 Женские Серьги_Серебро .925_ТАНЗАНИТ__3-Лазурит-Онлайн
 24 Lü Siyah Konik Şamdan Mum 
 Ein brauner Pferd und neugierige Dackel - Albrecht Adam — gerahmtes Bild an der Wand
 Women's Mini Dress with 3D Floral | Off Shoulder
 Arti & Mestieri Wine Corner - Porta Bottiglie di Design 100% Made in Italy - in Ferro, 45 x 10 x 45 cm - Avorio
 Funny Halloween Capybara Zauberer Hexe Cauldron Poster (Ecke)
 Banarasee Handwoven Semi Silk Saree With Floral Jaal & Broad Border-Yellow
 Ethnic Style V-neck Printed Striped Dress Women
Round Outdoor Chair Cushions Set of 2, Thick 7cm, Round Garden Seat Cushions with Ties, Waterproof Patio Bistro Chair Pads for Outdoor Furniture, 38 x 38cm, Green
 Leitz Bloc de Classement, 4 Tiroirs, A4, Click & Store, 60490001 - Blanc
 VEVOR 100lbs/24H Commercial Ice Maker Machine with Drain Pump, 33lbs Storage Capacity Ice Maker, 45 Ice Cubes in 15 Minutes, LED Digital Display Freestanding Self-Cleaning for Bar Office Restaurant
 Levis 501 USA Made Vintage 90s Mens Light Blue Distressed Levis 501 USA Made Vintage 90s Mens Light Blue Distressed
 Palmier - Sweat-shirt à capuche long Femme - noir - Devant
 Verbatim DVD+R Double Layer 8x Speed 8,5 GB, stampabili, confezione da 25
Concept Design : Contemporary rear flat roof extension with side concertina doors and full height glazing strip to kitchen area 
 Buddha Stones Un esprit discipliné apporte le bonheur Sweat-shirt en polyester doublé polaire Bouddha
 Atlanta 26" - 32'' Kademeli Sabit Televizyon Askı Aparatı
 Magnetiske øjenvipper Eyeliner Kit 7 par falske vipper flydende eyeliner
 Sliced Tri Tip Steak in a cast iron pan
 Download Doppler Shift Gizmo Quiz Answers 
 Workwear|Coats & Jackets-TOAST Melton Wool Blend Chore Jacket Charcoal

--------------------------------------------------

■ **WHAT TO WORK ON**
No line may be skipped. Transcribe the listing above exactly.

■ **FINAL ANSWER**
 Женские Серьги_Серебро .925_ТАНЗАНИТ__3-Лазурит-Онлайн
 24 Lü Siyah Konik Şamdan Mum 
 Ein brauner Pferd und neugierige Dackel - Albrecht Adam — gerahmtes Bild an der Wand
 Women's Mini Dress with 3D Floral | Off Shoulder
 Arti & Mestieri Wine Corner - Porta Bottiglie di Design 100% Made in Italy - in Ferro, 45 x 10 x 45 cm - Avorio
 Funny Halloween Capybara Zauberer Hexe Cauldron Poster (Ecke)
 Banarasee Handwoven Semi Silk Saree With Floral Jaal & Broad Border-Yellow
 Ethnic Style V-neck Printed Striped Dress Women
Round Outdoor Chair Cushions Set of 2, Thick 7cm, Round Garden Seat Cushions with Ties, Waterproof Patio Bistro Chair Pads for Outdoor Furniture, 38 x 38cm, Green
 Leitz Bloc de Classement, 4 Tiroirs, A4, Click & Store, 60490001 - Blanc
 VEVOR 100lbs/24H Commercial Ice Maker Machine with Drain Pump, 33lbs Storage Capacity Ice Maker, 45 Ice Cubes in 15 Minutes, LED Digital Display Freestanding Self-Cleaning for Bar Office Restaurant
 Levis 501 USA Made Vintage 90s Mens Light Blue Distressed Levis 501 USA Made Vintage 90s Mens Light Blue Distressed
 Palmier - Sweat-shirt à capuche long Femme - noir - Devant
 Verbatim DVD+R Double Layer 8x Speed 8,5 GB, stampabili, confezione da 25
Concept Design : Contemporary rear flat roof extension with side concertina doors and full height glazing strip to kitchen area 
 Buddha Stones Un esprit discipliné apporte le bonheur Sweat-shirt en polyester doublé polaire Bouddha
 Atlanta 26" - 32'' Kademeli Sabit Televizyon Askı Aparatı
 Magnetiske øjenvipper Eyeliner Kit 7 par falske vipper flydende eyeliner
 Sliced Tri Tip Steak in a cast iron pan
 Download Doppler Shift Gizmo Quiz Answers 
 Workwear|Coats & Jackets-TOAST Melton Wool Blend Chore Jacket Charcoal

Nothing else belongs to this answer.